= Study material =
• • •
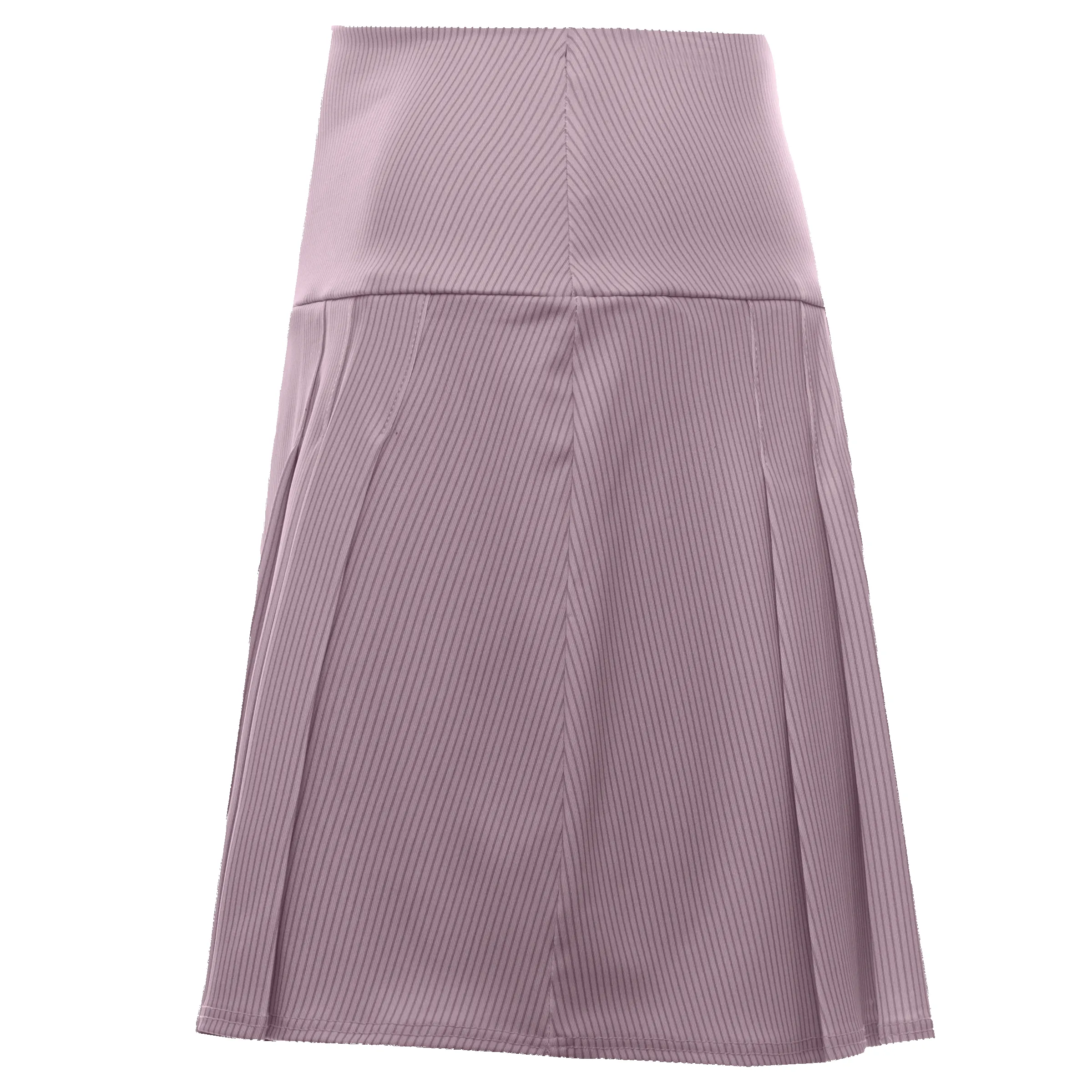 197222-558 | 3 PLEAT SKIRT-14.5" | SOFT BERRY sold by K-Swiss product image thumbnail 2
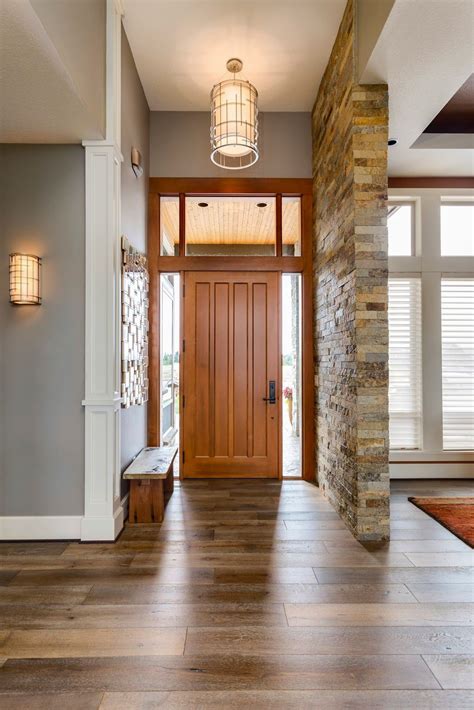 6 Ways To Transform Your Entryway Foyer Design Small Foyer House Design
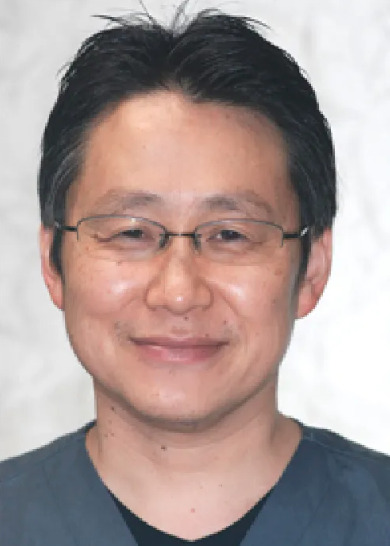 小笠原 一行先生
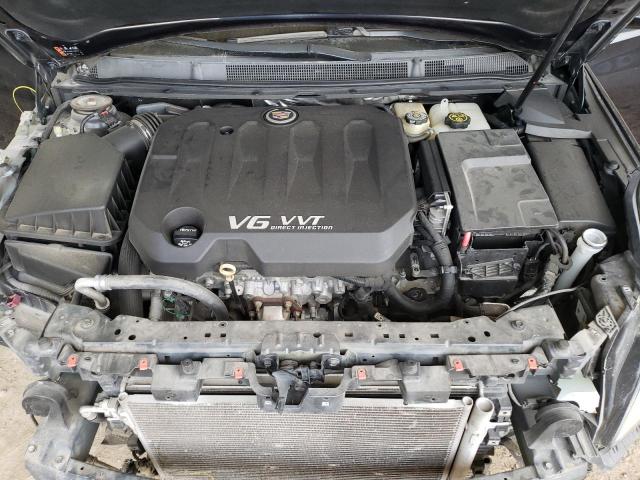 Photo 11 from auction – 2014 CADILLAC XTS with VIN 2G61L5S33E9254088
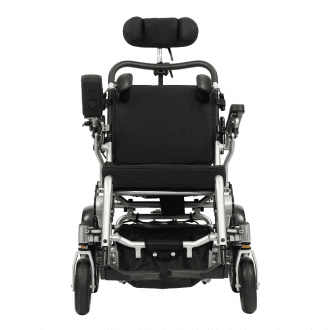 Инвалидная коляска с электроприводом Ortonica Pulse 760 в Минске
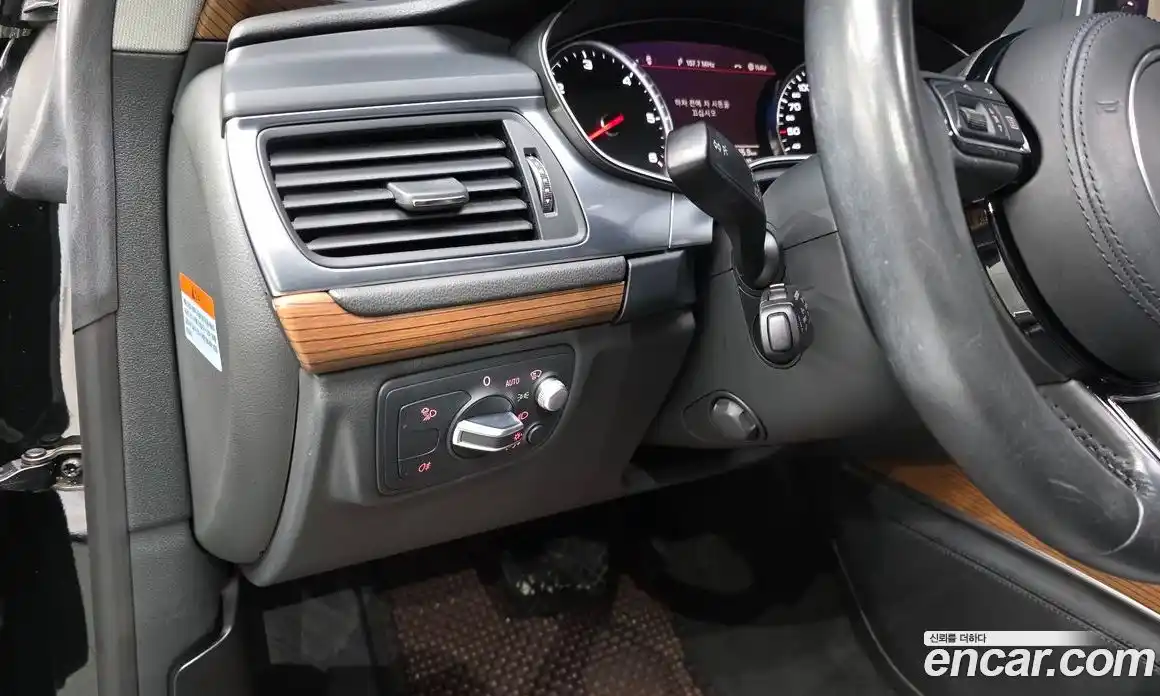 Audi A7 2016 3.0 Автомат в Москве № 163616, фото 13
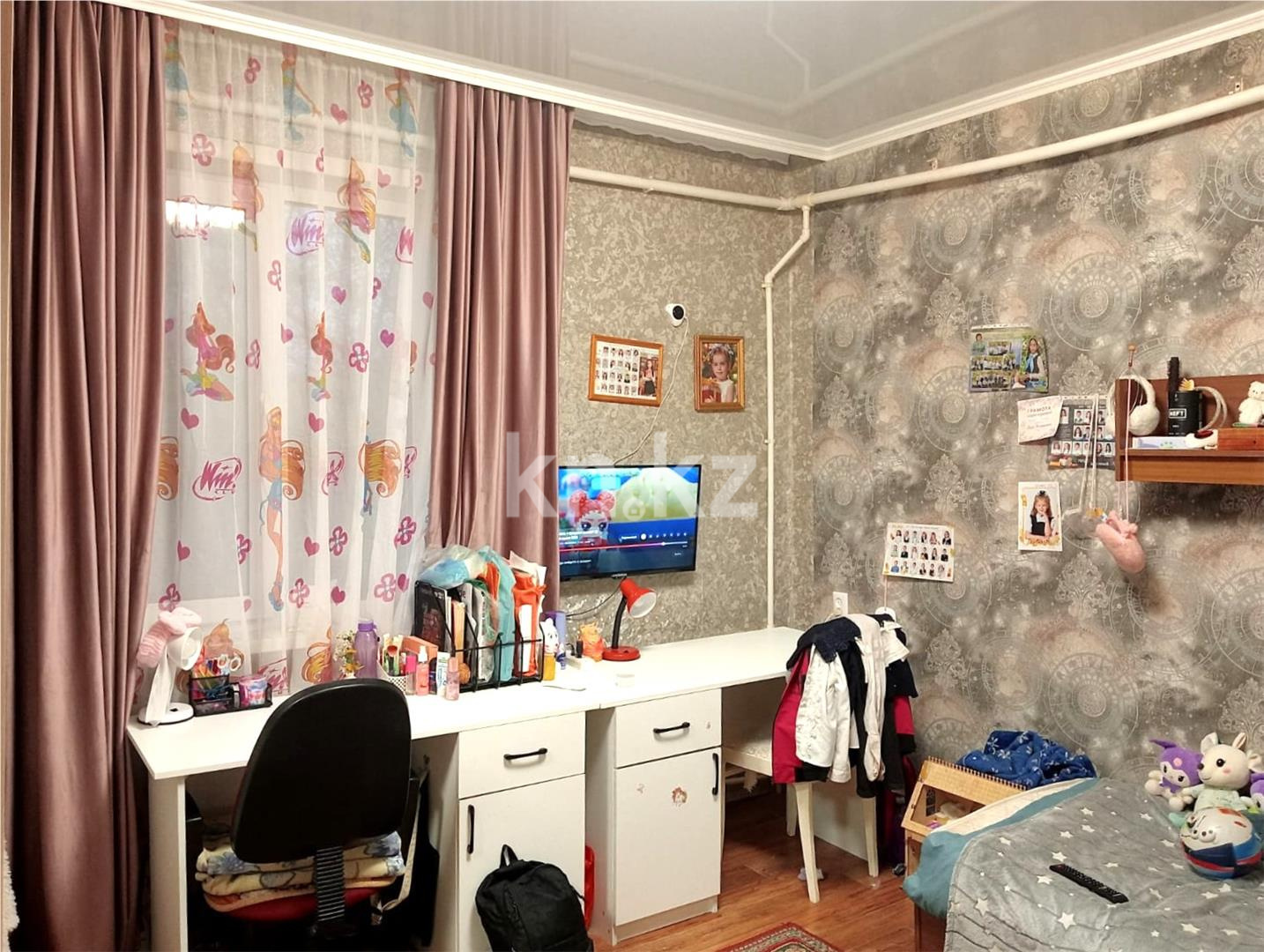 Продажа 2-комнатной квартиры, 49 м² в Абае - фото 2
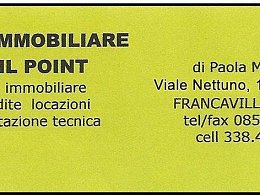 Vendita Negozio o Locale in V a Francavilla al Mare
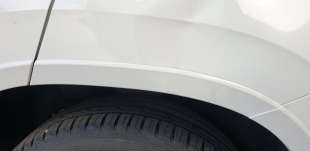 Recambio de aletin trasero izquierdo para seat ateca (khp) 2020-2022 fr referencia OEM IAM 575854989D  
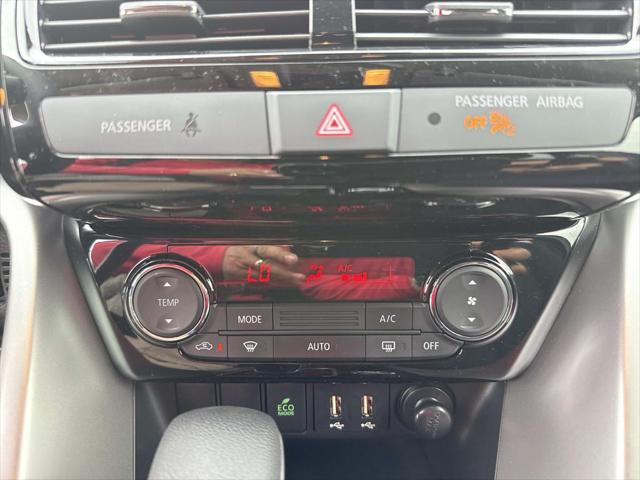 2026 Mitsubishi Eclipse Cross RALLIART 1.5T S-AWC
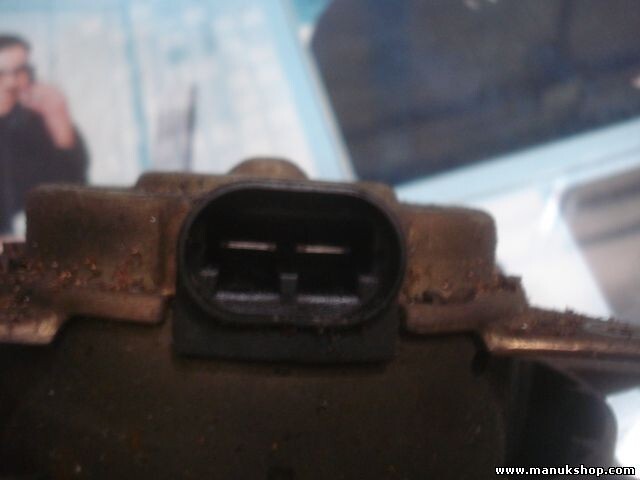 Electroventilador Renault Megane MK1 1.4 16v 7700433728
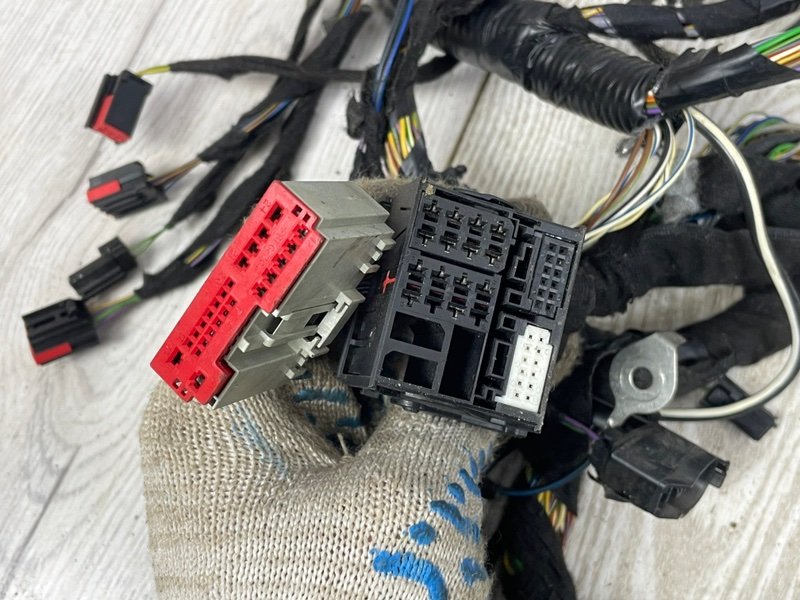 Проводка подторпедная, 3500 рублей, Москва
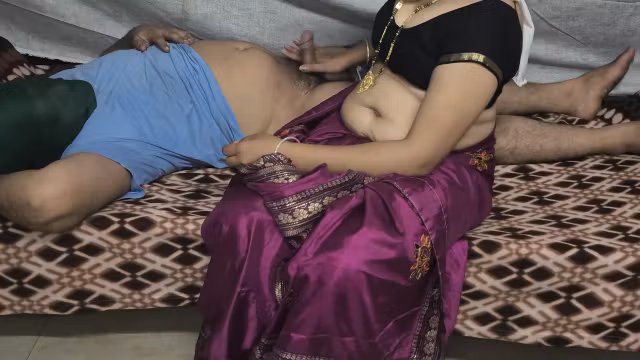 Dasi Bhabhi With Husband Clear Hindi Audio Watch Full Video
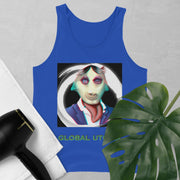 5x5: Tank Top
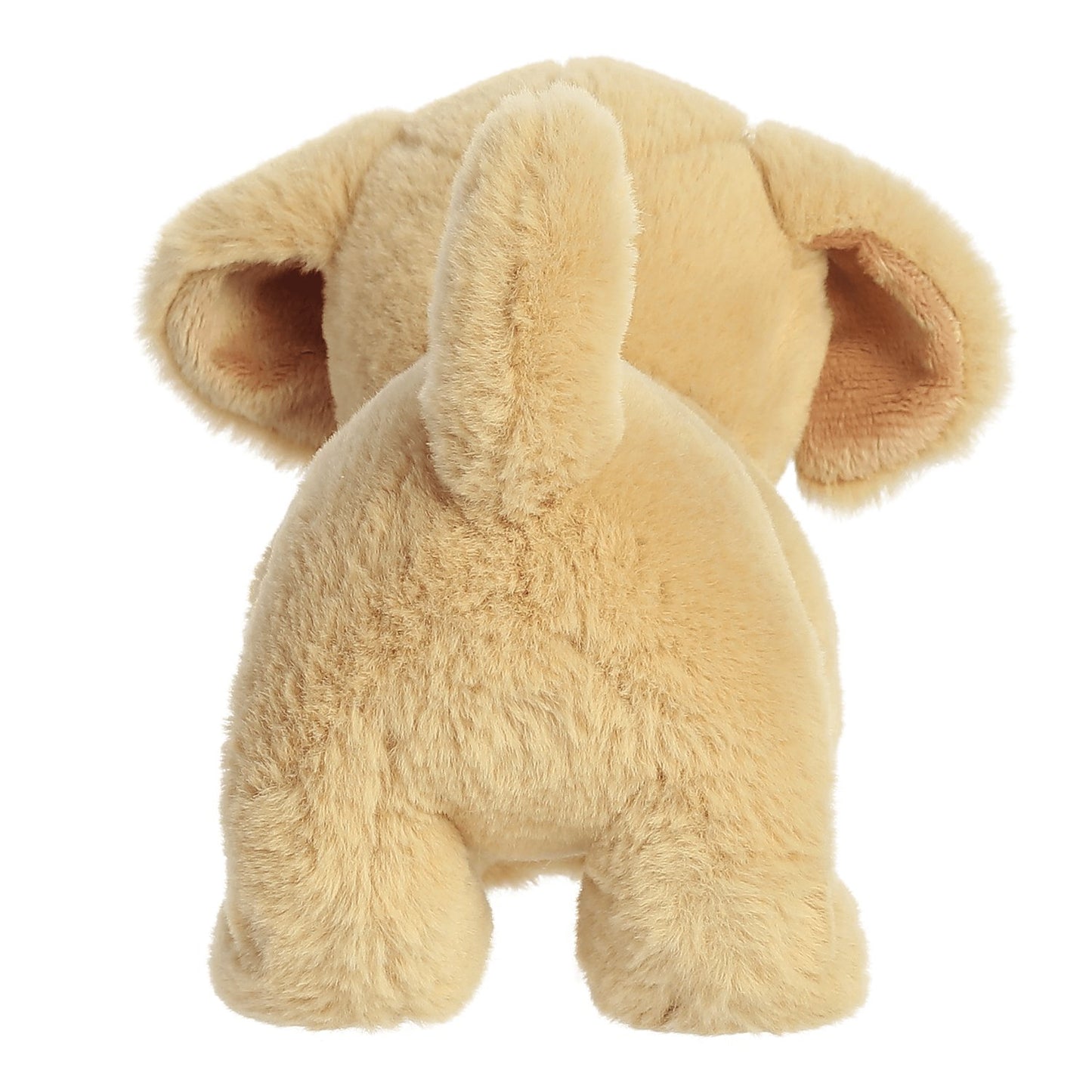 Aurora Eco Nation Plush Golden Labrador, 15 Cm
• • •
= What you are asked to do =
An exact copy is needed of the lines running from the one with "Photo 11 from" through the end of the data above, and of those lines only, without pictures.

= Solution to this task =
 Photo 11 from auction – 2014 CADILLAC XTS with VIN 2G61L5S33E9254088
 Инвалидная коляска с электроприводом Ortonica Pulse 760 в Минске
 Audi A7 2016 3.0 Автомат в Москве № 163616, фото 13
 Продажа 2-комнатной квартиры, 49 м² в Абае - фото 2
 Vendita Negozio o Locale in V a Francavilla al Mare
 Recambio de aletin trasero izquierdo para seat ateca (khp) 2020-2022 fr referencia OEM IAM 575854989D  
 2026 Mitsubishi Eclipse Cross RALLIART 1.5T S-AWC
 Electroventilador Renault Megane MK1 1.4 16v 7700433728
 Проводка подторпедная, 3500 рублей, Москва
 Dasi Bhabhi With Husband Clear Hindi Audio Watch Full Video
 5x5: Tank Top
 Aurora Eco Nation Plush Golden Labrador, 15 Cm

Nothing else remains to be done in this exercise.